Some words on Lab 3

Nicky Wakim

2024-03-11

Overall

Great work! I know there was a lot of plotting, but you made some great plots!
I also appreciate your thoughtful approaches to the relationships between variables
Just a reminder: when visualizing, making tables, displaying information from the data: always keep in the back of your mind:
- What can a reader get from this if they have never seen the data?
- Is it easy for the reader to understand the plot?
- Does everything in the plot have a purpose?
- Is the main thing I’m trying to communicate also the thing that stands out?

A few catches

I said glimpse, but that was a bad choice of words
- head() might be better to show each row with their observations and variables
When we were looking into observations that might be suspicious…
- We should look at the intersection of multiple suspicious observations
- A few combinations that people came up with that I thought were good ideas:
  - Someone who chose that they felt extremely similar to fat and thin people
  - Someone who reported they were 11-14 years old with education above high school (or other age/education combos)
If the variable is an explanatory variable and originally categorical, it’s good to keep it categorical
- Lots of lm() functions with variable treated as continuous

Multi-selection variables 1

Splitting gender identities is NOT mutually exclusive
- Can identify as all genders!
If you are trying pinpoint one group and make it mutually exclusive, we need to take extra steps
Someone wanted to identify three groups:
- Identifies as trans man, trans woman, genderqueer/non-conforming, and/or different identity
- Identifies as man only
- Identifies as woman only
Point on data equity:
- Always write out all identities within a grouped category
- I did not call the group something like non-normative genders, instead I said “Identifies as trans man, trans woman, genderqueer/non-conforming, and/or other”
- Your coding names in R can be different, but when you write it out, make sure you define the group
  - I would maybe call the first group “Trans and non-binary genders” with an exact make up of the group.

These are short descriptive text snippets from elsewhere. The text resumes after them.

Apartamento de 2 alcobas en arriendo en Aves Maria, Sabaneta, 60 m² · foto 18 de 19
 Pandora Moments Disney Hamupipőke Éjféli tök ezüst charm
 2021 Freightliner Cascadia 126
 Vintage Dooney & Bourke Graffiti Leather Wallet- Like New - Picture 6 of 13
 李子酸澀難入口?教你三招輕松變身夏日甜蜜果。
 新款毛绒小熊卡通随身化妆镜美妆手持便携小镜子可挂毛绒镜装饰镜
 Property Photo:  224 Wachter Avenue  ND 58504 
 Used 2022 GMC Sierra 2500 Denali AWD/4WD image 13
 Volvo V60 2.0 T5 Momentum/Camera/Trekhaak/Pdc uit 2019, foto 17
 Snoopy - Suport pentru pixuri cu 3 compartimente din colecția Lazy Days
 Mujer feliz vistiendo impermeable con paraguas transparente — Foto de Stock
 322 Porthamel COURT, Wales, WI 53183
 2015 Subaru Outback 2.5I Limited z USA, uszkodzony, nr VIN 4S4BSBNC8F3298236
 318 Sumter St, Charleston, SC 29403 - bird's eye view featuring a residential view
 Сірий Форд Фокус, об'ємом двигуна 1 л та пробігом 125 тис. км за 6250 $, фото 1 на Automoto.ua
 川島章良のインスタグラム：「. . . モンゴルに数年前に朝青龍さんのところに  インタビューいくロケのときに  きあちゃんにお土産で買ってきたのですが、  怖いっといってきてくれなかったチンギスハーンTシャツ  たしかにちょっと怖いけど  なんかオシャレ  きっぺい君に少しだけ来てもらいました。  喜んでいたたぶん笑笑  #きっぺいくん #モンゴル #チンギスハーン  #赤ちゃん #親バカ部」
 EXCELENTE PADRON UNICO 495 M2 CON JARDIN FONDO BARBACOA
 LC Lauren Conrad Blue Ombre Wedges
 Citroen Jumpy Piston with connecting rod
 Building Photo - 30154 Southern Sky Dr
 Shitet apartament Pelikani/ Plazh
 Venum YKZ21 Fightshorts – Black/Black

Multi-selection variables 2

Create indicators for each identity: don’t any lose information on the individual

iat_new = iat_old %>%
  mutate(ind_m = grepl(1, genderIdentity), 
         ind_f = grepl(2, genderIdentity),
         ind_tmm = grepl(3, genderIdentity),
         ind_twf = grepl(4, genderIdentity),
         ind_gqnc = grepl(5, genderIdentity),
         ind_diff = grepl(6, genderIdentity))

Create mutually exclusive groups: lose some information on the individual

iat_new = iat_old %>% # iat_old should not have any NA's in genderIdentity
  mutate(genderID = case_match(genderIdentity,
                               "[1]" ~ "Male/Man only",
                               "[2]" ~ "Female/Woman only",
                               .default = "Trans male/man, trans female/woman, 
                               genderqueer/non-conforming, or differnt identity"))

Example : if someone identifies as a man and a trans man, their data are like:
- \(I(Gender = \text{Male/Man only}) = 0\)
- \(I(Gender = \text{Female/Woman only}) = 0\)
- \(I(Gender = \text{Trans male/man, trans female/woman, genderqueer/non-conforming, or different identity}) = 1\)

About confounders and effect modifiers

When hypothesizing whether a variable a confounder or effect modifier
- Make sure to back any claims in your final report with sources
- We can speculate what’s at play, but we can’t actually know
- Our own identity may bias how we perceive specific dynamics
Education: I saw many of us speculate that higher education may be associated with lower IAT (as a potential confounder)
- Data showed the opposite: higher education, higher mean IAT score
- We can think about people’s perception of controllability of weight: do people assume certain behaviors about fat people?
  - Does that align with or go against people’s assumptions about behavior needed for higher education?
  - We also need to think about how education might be linked to socio-economic status, and how that might change what food is affordable
- Heavily discussed in Maintenance Phase podcast, but I don’t have direct sources

Potential effect modifier from plots

Notes on plotting

scale_x_discrete(labels = function(x) str_wrap(x, width = 10)): use this to wrap the text on x-axis
- Student used this and I loved it!
Keep your explanatory variable on the x-axis when you are plottinf three variables at once
hjust and vjust will move your text on the x axis so it does not cover your plot
Plotting age vs. IAT
- geom_smooth() to show moving mean value
- Boxplots and plotting each mean not exactly right for continuous variables
- See Lab 4 for how I plot this!
In geom_smooth(), when to use method = lm
- Do not use if trying to see how data look

As we go into Lab 4 and Project Report

If IAT score ranges from -2 to 2, what changes in mean IAT is a lot?
- 0.05: about 1.25% change
- 0.5: about 12.5% change
A lot of the coefficients may be significant, but are they clinically meaningful?